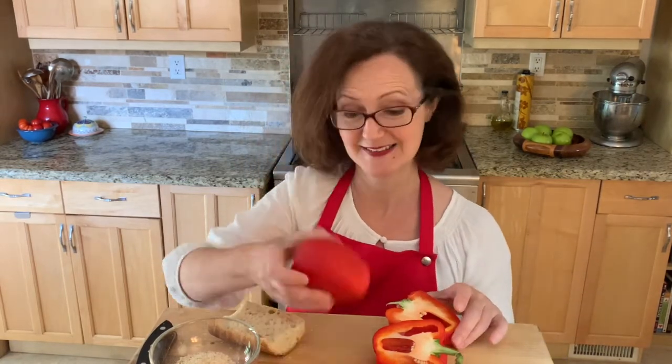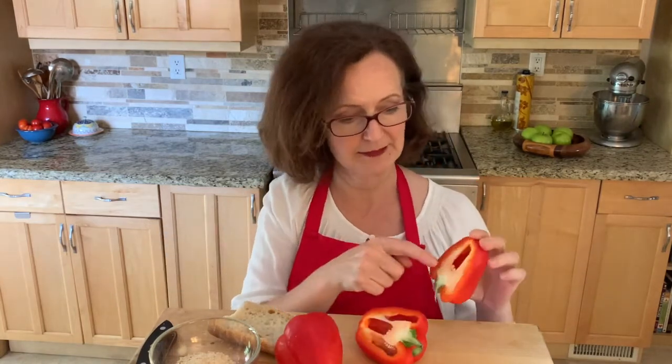Ciao! Today I show how to make stuffed peppers. This one, see? I already cut in half this one. I take out this part and then I put the bread stuffing with the herb and many other things. You can put rice instead.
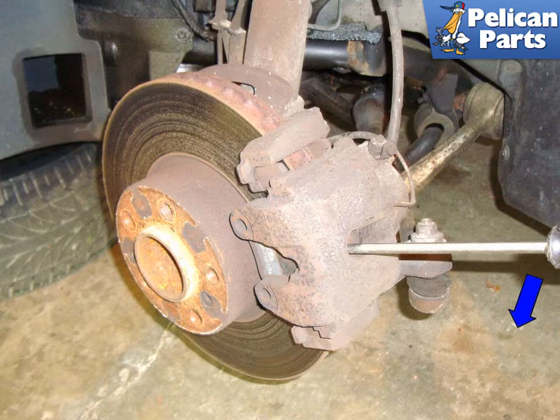This pushes the caliper piston back in and will make the caliper easy to remove in later steps. You need to check your brake fluid reservoir as you'll be pushing fluid back up into the system — remove some if necessary.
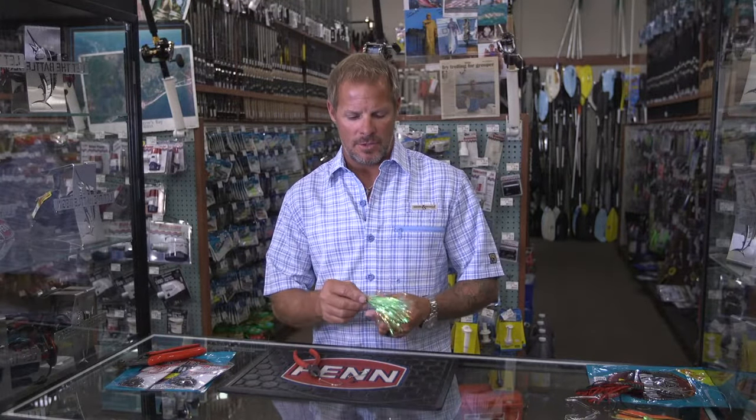Hey, I'm Captain Todd Jones with your Half Hitch tackle tip. Today's tip is going to be rigging a basic trolling rig for Kings.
=-=-=
Print the material word for word without images.

**EXERCISE ANSWER**
Ciao! Today I show how to make stuffed peppers. This one, see? I already cut in half this one. I take out this part and then I put the bread stuffing with the herb and many other things. You can put rice instead.
This pushes the caliper piston back in and will make the caliper easy to remove in later steps. You need to check your brake fluid reservoir as you'll be pushing fluid back up into the system — remove some if necessary.
Hey, I'm Captain Todd Jones with your Half Hitch tackle tip. Today's tip is going to be rigging a basic trolling rig for Kings.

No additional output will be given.